■ EXERCISE INPUTS
################

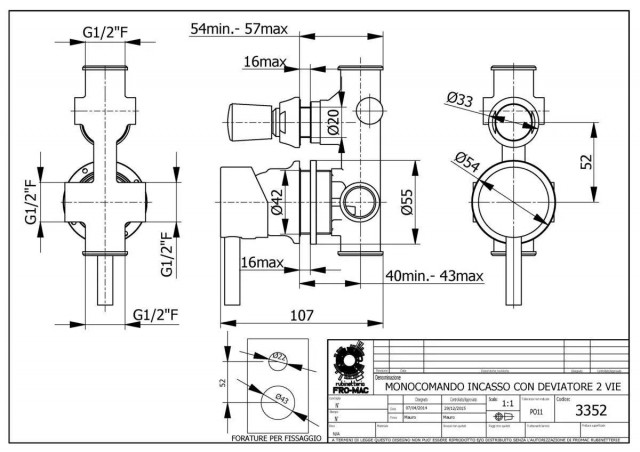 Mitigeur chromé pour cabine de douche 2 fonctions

################

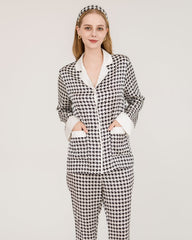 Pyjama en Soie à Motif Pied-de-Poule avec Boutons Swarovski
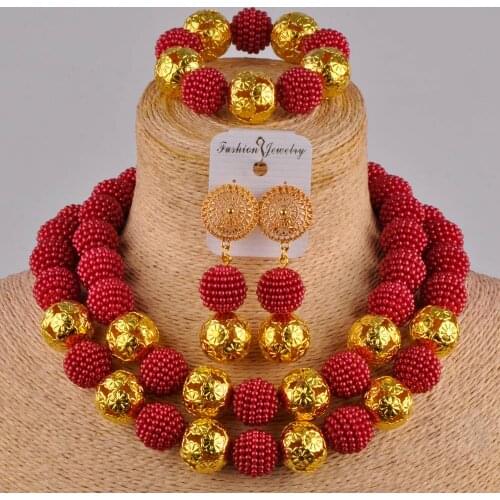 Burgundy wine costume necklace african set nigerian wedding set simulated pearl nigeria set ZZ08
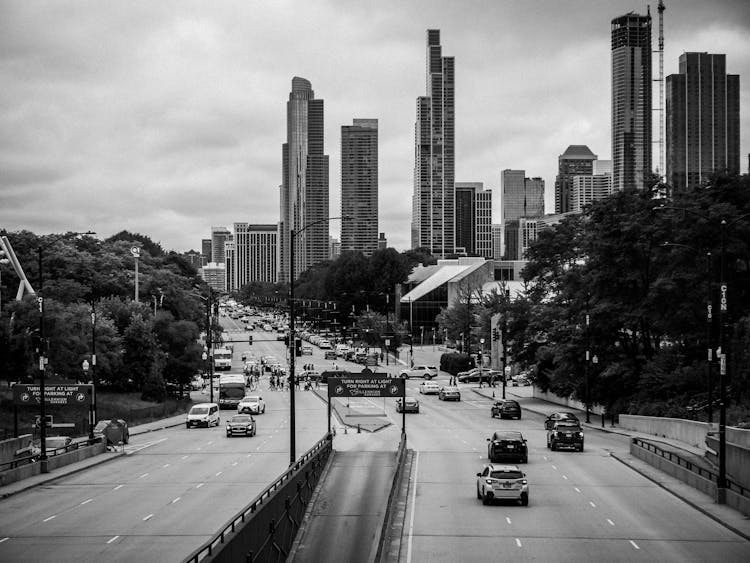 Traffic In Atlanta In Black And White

################

Give again the stretch of lines above from the one with "Burgundy wine costume" through the one with "Traffic In Atlanta In Black And White", both ends kept, and copy no pictures.

 Burgundy wine costume necklace african set nigerian wedding set simulated pearl nigeria set ZZ08
 Traffic In Atlanta In Black And White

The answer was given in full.